30 Years of Tarot: My Life in the Cards

Updated: Aug 31, 2021


January, 1991: Outside: snow falling down. Inside: an old, wooden table in front of me. On the table, Oswald Wirth cards with their golden shimmer, waiting for me. No matter how difficult the day had been - arguing with mum or dad, problems at school, turbulence of the teenage years - in this moment everything became aligned, centered. Nothing else existed. Breathing in and out, the pack of cards waiting. This is my meditation. Bow to the High Priestess.


I suppose my interest in the tarot boils down to an inherent interest in human behaviour, which in turn boils down to psychology: why we think, feel and behave the way we do. Growing up in Finland, then in the Middle East, then back in Finland exposed me to a wide range of cultures, languages and habits. In Iraq, we lived in a global community, with people coming and going from the four corners of the world. My mum was a teacher. This offered a backstage pass into the microcosm of the staffroom and the mind of a teacher. I remember her thinking out loud why certain students were behaving the way they were, because of the situation at their home. I began to see and understand certain behaviour patterns, and how our actions in the external world are linked to the internal world. At age 12 I became obsessed with parapsychology. I read most of the books available in the town library. It was there when I first saw images of tarot cards, most likely in The Tarot by Richard Cavendish. Soon after I saw the Bond movie Live and Let Die for the first time. Jane Seymour as Solitaire accurately predicting future events made me think that maybe I could also become a successful fortune-teller. In December 1990, at the age of 13, I opened the box of the Waite-Smith (Rider-Waite Tarot) cards: it was a life-changing moment. It felt as if I had met a very old, dear friend after many years. So began my journey as a tarot reader.
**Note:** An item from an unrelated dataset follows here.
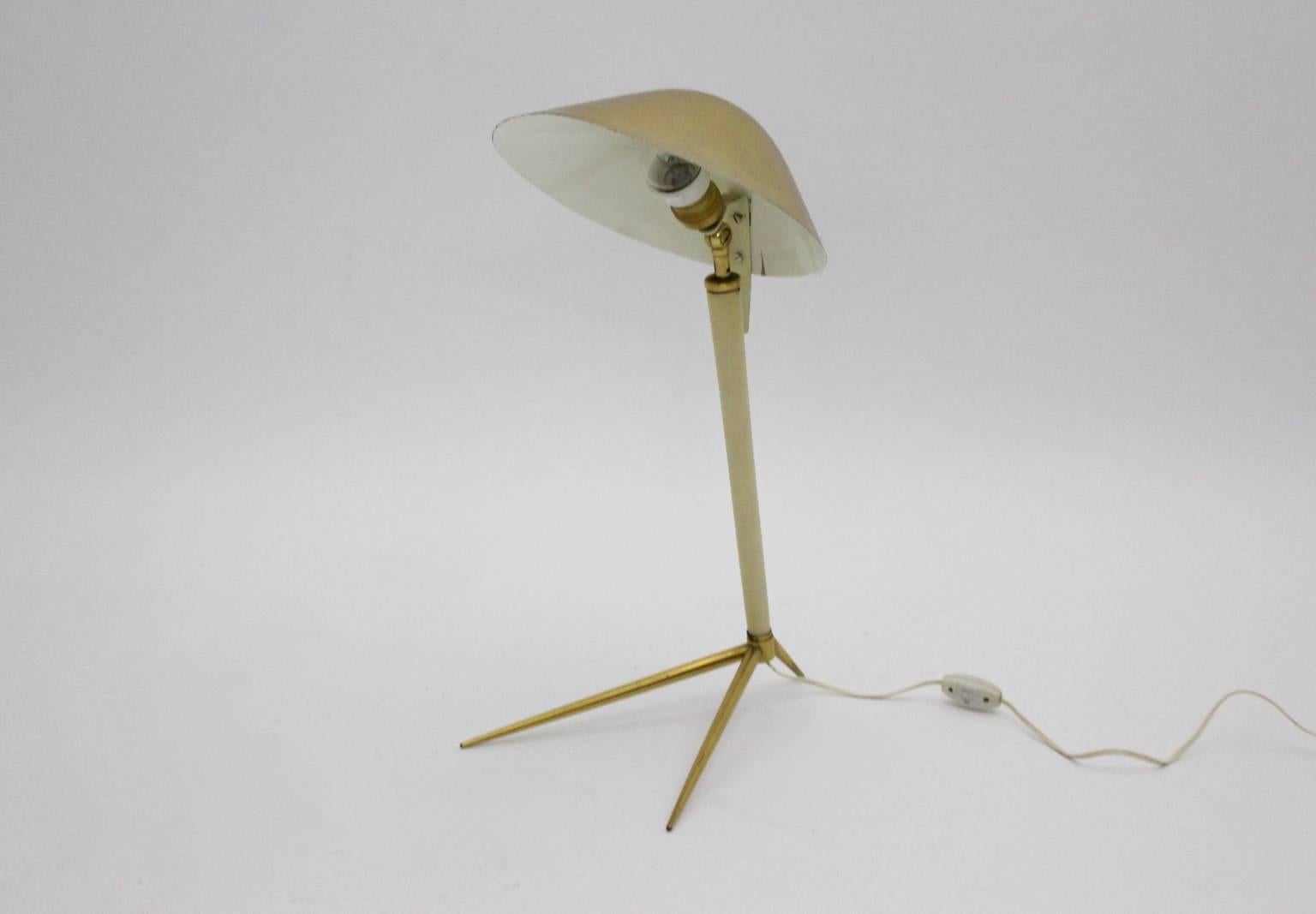 Mid Century VintageBrass Table Lamp attr Gio Ponti for Fontana Arte, Italy, 1950 2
Jane Seymour as Solitaire in Live and Let Die (1973)

Looking back now, I'm extremely grateful I began from the fortune-telling side. At the time it was the only use I knew for tarot cards. After about three, four years I was already fed up with it. I began to see how "self-fulfilling prophecy" was no joke: even those of my friends who said they wouldn't take the reading too seriously were clearly affected by it, one way or the other. I became aware of the impact a single reading can have in decision-making and life in general. The fact that my readings were rather myopic to begin with ("Six of Swords, you will make a journey by water, but with this Five of Coins it will be a bad trip") didn't help matters.
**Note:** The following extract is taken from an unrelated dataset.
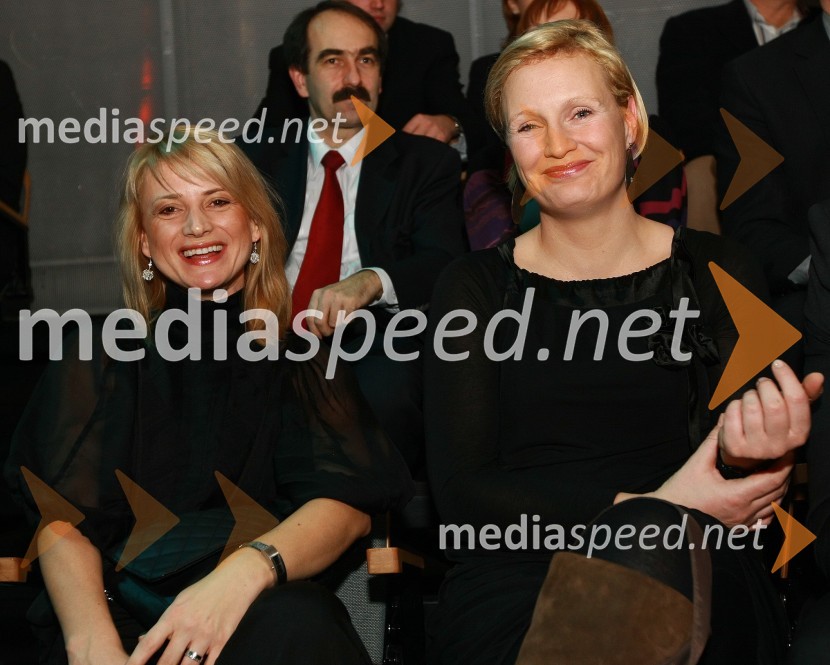 Metka Pevec Kejžar, vodja službe za odnose z javnostmi, AC Intercar, d.o.o Ljubljana in Claudia Lakner, vodja tržnih komunikacij AC-Intercar d.o.o.Slovenski avto leta 2010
I began to see the importance of the present moment: if I change something here and now, it will affect the future. By changing the present, I'm changing the future.


Fortune-telling became less and less important after this.


A sacrifice (November, 1992): I had received a Marseille type deck, which I didn't like. I just couldn't connect with it. I decided to sacrifice it to the River. I stood on one of the old, wooden bridges that crosses the river, and waited for the right moment. It was cold, frost everywhere, wrapping the world in white around me. The water hadn't frozen yet. When I couldn't see anyone else, I began throwing the cards into the dark waters below. "This is for you... receive this gift. Let this flow far, far into the future, returning back into you. One, two, three... receive these images back into yourself."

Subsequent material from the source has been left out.